Airflow for Data Pipelines
Apache Airflow is the industry standard for orchestrating batch data pipelines. It manages scheduling, dependency resolution, retries, monitoring, and alerting for complex workflows. Airflow does not move or process data itself — it tells other systems when and in what order to execute tasks.
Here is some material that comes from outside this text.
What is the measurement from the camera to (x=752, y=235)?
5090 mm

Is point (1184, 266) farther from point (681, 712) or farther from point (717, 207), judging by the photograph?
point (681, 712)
This page covers DAG design, the modern TaskFlow API, and production patterns.
Airflow Architecture
┌─────────────────────────────────────────────────────────┐
│ Airflow Architecture │
│ │
│ ┌──────────┐ ┌──────────────┐ ┌──────────────┐ │
│ │ Scheduler │───>│ Executor │───>│ Workers │ │
│ │ │ │ (Celery/K8s) │ │ (run tasks) │ │
│ └──────────┘ └──────────────┘ └──────────────┘ │
│ │ │ │
│ │ ┌──────────────┐ │ │
│ └─────────>│ Metadata DB │<──────────┘ │
│ │ (PostgreSQL) │ │
│ └──────────────┘ │
│ │ │
│ ┌──────────────┐ │
│ │ Webserver │ │
│ │ (UI/API) │ │
│ └──────────────┘ │
└─────────────────────────────────────────────────────────┘DAG Design: The Classic Approach
# dags/etl_products.py — Traditional operator-based DAG
from datetime import datetime, timedelta
from airflow import DAG
from airflow.operators.python import PythonOperator
from airflow.operators.bash import BashOperator
from airflow.providers.postgres.operators.postgres import PostgresOperator
from airflow.utils.dates import days_ago
default_args = {
"owner": "data-team",
"depends_on_past": False,
"email": ["alerts@company.com"],
"email_on_failure": True,
"email_on_retry": False,
"retries": 3,
"retry_delay": timedelta(minutes=5),
"retry_exponential_backoff": True,
"max_retry_delay": timedelta(minutes=30),
"execution_timeout": timedelta(hours=2),
"sla": timedelta(hours=4),
}
with DAG(
dag_id="etl_products",
default_args=default_args,
description="Extract products from API, transform, load to warehouse",
schedule_interval="0 6 * * *", # 6 AM daily
start_date=datetime(2024, 1, 1),
catchup=False,
tags=["etl", "products", "daily"],
max_active_runs=1,
) as dag:
def extract_from_api(**context):
"""Extract products from the external API."""
import requests
import json
from pathlib import Path
execution_date = context["ds"]
output_dir = Path(f"/data/raw/products/{execution_date}")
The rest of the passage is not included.